• Exercise description: Restate every line below word for word, but drop each picture.

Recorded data

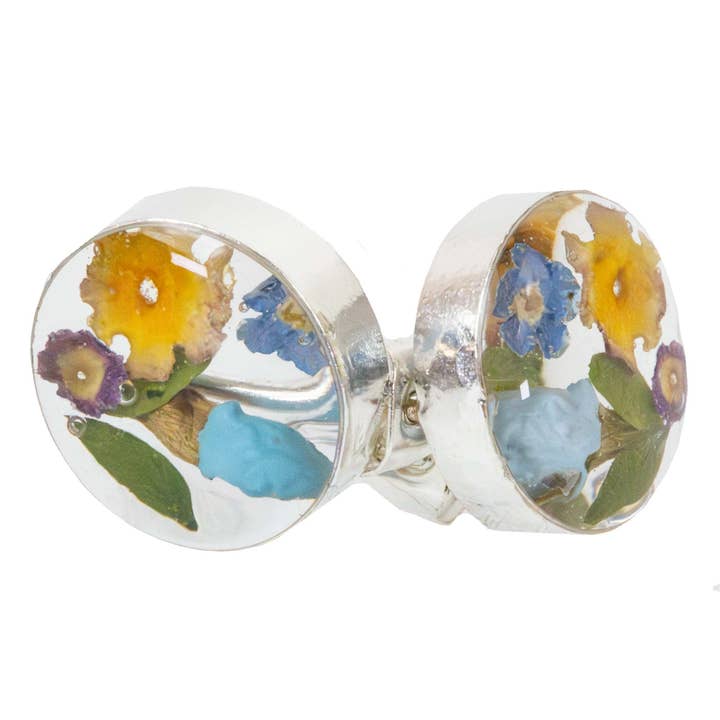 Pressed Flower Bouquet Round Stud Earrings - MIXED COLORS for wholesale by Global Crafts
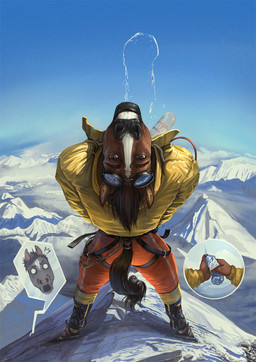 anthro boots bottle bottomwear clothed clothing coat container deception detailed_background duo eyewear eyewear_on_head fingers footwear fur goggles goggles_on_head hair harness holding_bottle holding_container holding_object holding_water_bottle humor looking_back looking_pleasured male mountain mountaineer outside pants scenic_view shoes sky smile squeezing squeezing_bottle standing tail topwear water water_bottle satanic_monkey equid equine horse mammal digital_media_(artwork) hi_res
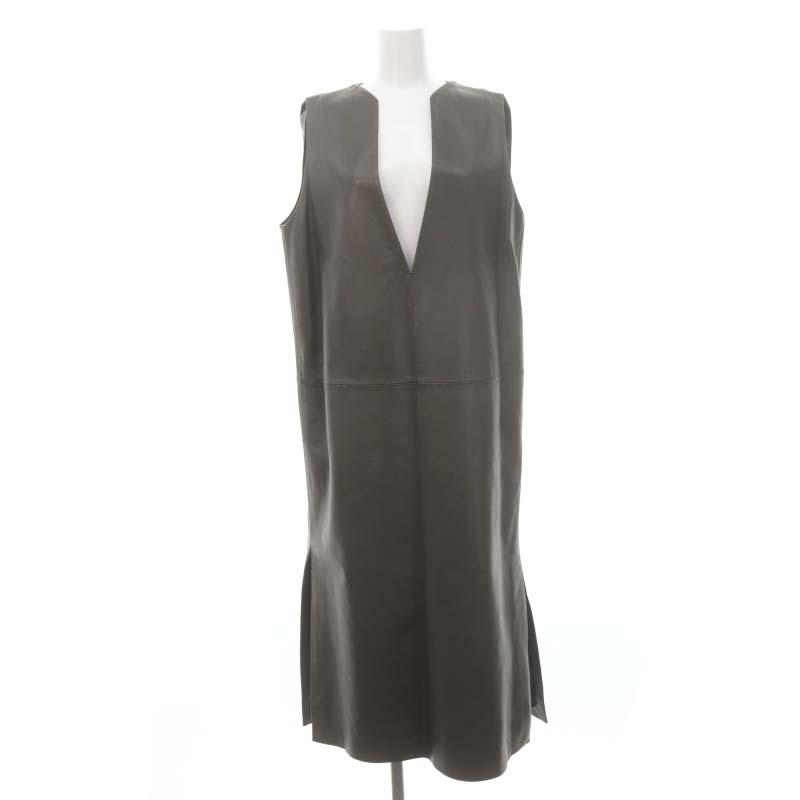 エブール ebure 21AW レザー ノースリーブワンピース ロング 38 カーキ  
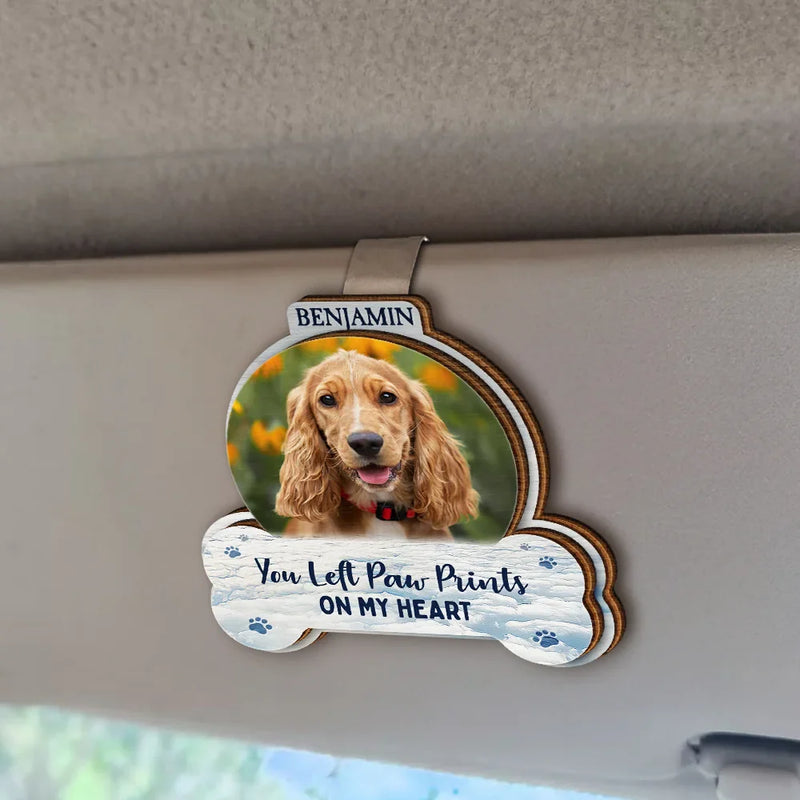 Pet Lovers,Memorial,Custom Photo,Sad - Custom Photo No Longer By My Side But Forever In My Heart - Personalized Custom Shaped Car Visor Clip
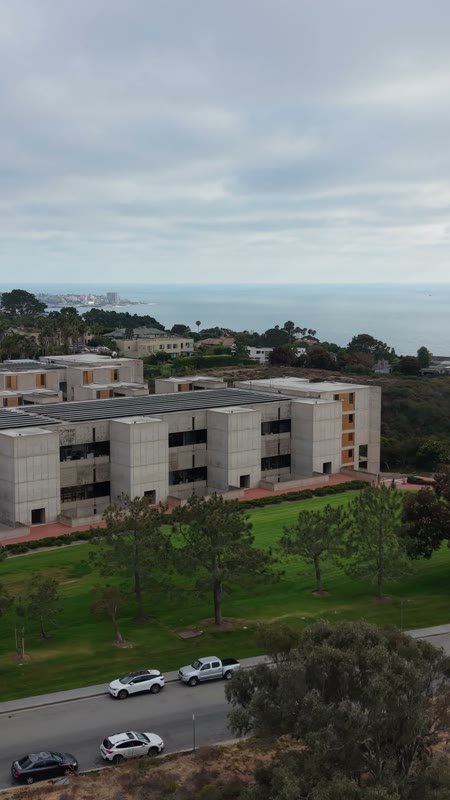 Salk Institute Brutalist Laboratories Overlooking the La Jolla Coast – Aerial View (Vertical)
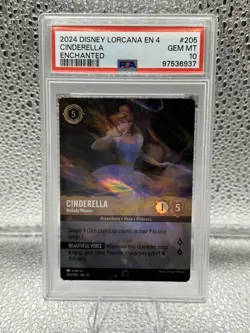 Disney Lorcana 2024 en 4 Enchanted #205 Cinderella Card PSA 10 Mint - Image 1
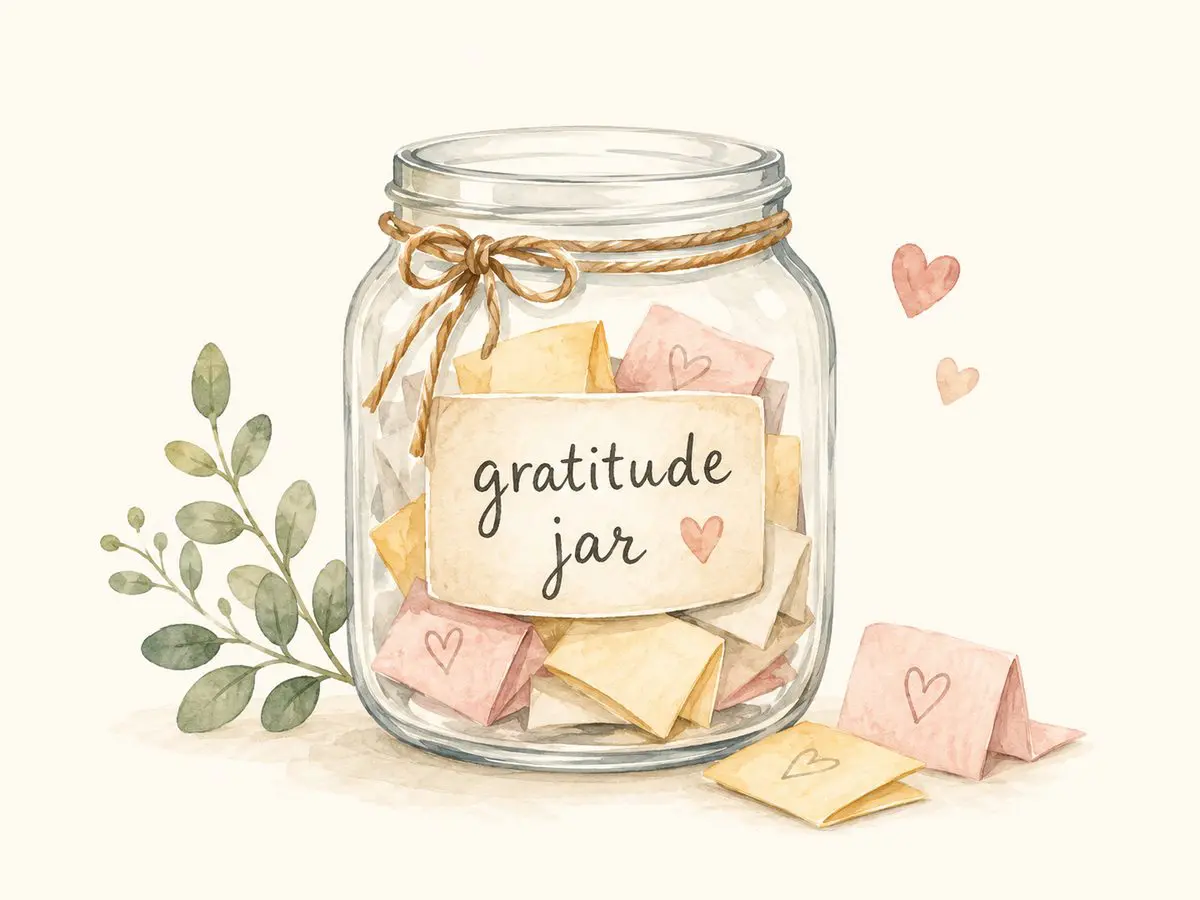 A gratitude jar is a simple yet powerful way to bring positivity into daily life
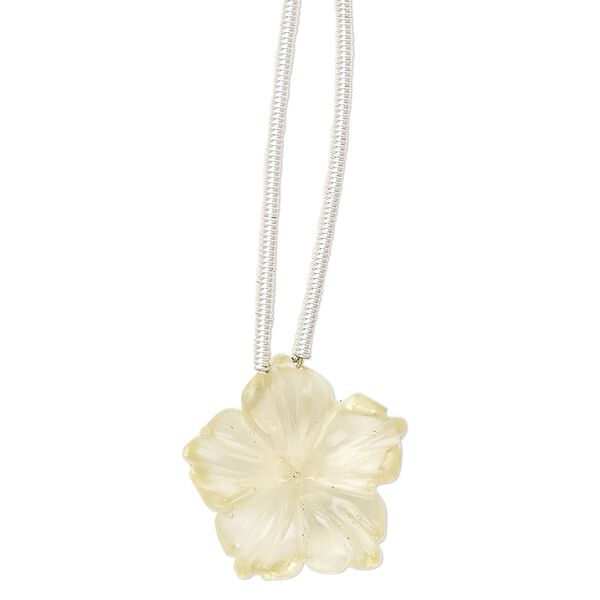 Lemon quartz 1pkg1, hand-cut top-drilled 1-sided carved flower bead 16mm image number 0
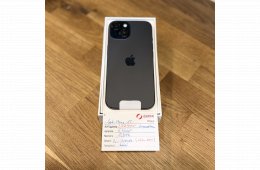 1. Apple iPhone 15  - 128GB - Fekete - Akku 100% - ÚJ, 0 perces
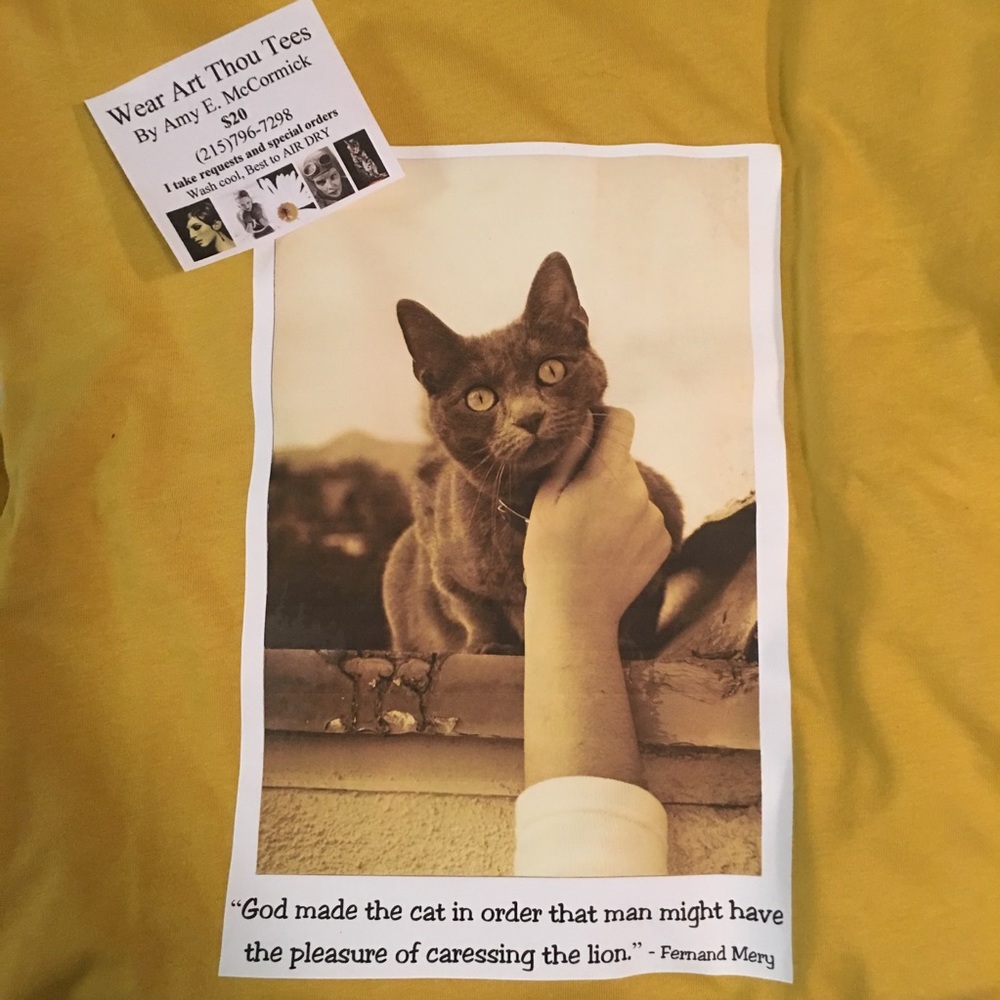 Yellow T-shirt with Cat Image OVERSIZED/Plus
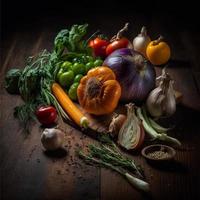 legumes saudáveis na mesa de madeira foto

• Task result:
 Pressed Flower Bouquet Round Stud Earrings - MIXED COLORS for wholesale by Global Crafts
 anthro boots bottle bottomwear clothed clothing coat container deception detailed_background duo eyewear eyewear_on_head fingers footwear fur goggles goggles_on_head hair harness holding_bottle holding_container holding_object holding_water_bottle humor looking_back looking_pleasured male mountain mountaineer outside pants scenic_view shoes sky smile squeezing squeezing_bottle standing tail topwear water water_bottle satanic_monkey equid equine horse mammal digital_media_(artwork) hi_res
 エブール ebure 21AW レザー ノースリーブワンピース ロング 38 カーキ  
 Pet Lovers,Memorial,Custom Photo,Sad - Custom Photo No Longer By My Side But Forever In My Heart - Personalized Custom Shaped Car Visor Clip
 Salk Institute Brutalist Laboratories Overlooking the La Jolla Coast – Aerial View (Vertical)
 Disney Lorcana 2024 en 4 Enchanted #205 Cinderella Card PSA 10 Mint - Image 1
 A gratitude jar is a simple yet powerful way to bring positivity into daily life
 Lemon quartz 1pkg1, hand-cut top-drilled 1-sided carved flower bead 16mm image number 0
 1. Apple iPhone 15  - 128GB - Fekete - Akku 100% - ÚJ, 0 perces
 Yellow T-shirt with Cat Image OVERSIZED/Plus
 legumes saudáveis na mesa de madeira foto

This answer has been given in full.